• _What you are asked to do_
Output, without alteration, the first line of the entries and each line after it, stopping with the line that contains "a box-shaped computer".

• _Listed records_
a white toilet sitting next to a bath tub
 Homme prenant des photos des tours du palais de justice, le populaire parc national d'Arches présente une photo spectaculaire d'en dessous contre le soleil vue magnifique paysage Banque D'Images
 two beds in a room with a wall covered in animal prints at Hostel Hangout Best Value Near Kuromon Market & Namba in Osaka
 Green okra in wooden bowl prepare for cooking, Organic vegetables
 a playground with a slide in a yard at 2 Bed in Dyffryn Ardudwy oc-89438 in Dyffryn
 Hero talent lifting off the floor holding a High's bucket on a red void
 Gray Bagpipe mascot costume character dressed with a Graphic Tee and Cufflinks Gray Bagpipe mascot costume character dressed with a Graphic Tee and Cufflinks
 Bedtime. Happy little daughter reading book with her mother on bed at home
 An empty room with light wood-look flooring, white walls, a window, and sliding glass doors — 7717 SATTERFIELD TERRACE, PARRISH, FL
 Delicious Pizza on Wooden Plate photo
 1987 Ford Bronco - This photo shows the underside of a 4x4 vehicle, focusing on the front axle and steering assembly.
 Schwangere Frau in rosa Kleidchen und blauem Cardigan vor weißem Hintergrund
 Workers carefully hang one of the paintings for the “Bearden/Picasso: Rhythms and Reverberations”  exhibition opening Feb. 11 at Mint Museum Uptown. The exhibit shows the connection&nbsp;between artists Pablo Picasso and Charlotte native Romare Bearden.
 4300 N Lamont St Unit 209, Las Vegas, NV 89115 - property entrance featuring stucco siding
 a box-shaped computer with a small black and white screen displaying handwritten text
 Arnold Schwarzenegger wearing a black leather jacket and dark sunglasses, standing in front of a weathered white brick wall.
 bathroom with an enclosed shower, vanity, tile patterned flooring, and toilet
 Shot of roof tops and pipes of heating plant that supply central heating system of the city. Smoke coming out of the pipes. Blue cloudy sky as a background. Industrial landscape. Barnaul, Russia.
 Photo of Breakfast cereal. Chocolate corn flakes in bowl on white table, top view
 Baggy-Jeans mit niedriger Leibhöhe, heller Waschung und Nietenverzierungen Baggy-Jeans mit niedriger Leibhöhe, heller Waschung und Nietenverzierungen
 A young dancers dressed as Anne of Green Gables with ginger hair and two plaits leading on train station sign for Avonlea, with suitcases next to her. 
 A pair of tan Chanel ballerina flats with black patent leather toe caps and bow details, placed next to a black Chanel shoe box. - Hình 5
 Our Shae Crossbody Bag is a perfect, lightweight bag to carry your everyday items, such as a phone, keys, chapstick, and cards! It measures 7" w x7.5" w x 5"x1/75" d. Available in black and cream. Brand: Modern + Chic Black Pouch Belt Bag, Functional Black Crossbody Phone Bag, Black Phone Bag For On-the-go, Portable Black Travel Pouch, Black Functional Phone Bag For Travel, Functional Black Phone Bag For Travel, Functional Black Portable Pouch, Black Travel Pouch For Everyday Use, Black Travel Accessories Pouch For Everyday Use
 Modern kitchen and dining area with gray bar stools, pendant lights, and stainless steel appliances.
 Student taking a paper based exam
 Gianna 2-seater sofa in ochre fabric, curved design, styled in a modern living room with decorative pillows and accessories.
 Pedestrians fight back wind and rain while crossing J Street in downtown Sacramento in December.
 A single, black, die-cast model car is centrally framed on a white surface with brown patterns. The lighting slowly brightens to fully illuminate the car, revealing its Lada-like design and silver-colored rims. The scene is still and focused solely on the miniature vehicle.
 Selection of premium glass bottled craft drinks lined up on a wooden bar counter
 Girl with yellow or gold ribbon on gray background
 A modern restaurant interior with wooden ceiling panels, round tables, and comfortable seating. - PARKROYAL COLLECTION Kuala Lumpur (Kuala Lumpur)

• _Output for this task_
a white toilet sitting next to a bath tub
 Homme prenant des photos des tours du palais de justice, le populaire parc national d'Arches présente une photo spectaculaire d'en dessous contre le soleil vue magnifique paysage Banque D'Images
 two beds in a room with a wall covered in animal prints at Hostel Hangout Best Value Near Kuromon Market & Namba in Osaka
 Green okra in wooden bowl prepare for cooking, Organic vegetables
 a playground with a slide in a yard at 2 Bed in Dyffryn Ardudwy oc-89438 in Dyffryn
 Hero talent lifting off the floor holding a High's bucket on a red void
 Gray Bagpipe mascot costume character dressed with a Graphic Tee and Cufflinks Gray Bagpipe mascot costume character dressed with a Graphic Tee and Cufflinks
 Bedtime. Happy little daughter reading book with her mother on bed at home
 An empty room with light wood-look flooring, white walls, a window, and sliding glass doors — 7717 SATTERFIELD TERRACE, PARRISH, FL
 Delicious Pizza on Wooden Plate photo
 1987 Ford Bronco - This photo shows the underside of a 4x4 vehicle, focusing on the front axle and steering assembly.
 Schwangere Frau in rosa Kleidchen und blauem Cardigan vor weißem Hintergrund
 Workers carefully hang one of the paintings for the “Bearden/Picasso: Rhythms and Reverberations”  exhibition opening Feb. 11 at Mint Museum Uptown. The exhibit shows the connection&nbsp;between artists Pablo Picasso and Charlotte native Romare Bearden.
 4300 N Lamont St Unit 209, Las Vegas, NV 89115 - property entrance featuring stucco siding
 a box-shaped computer with a small black and white screen displaying handwritten text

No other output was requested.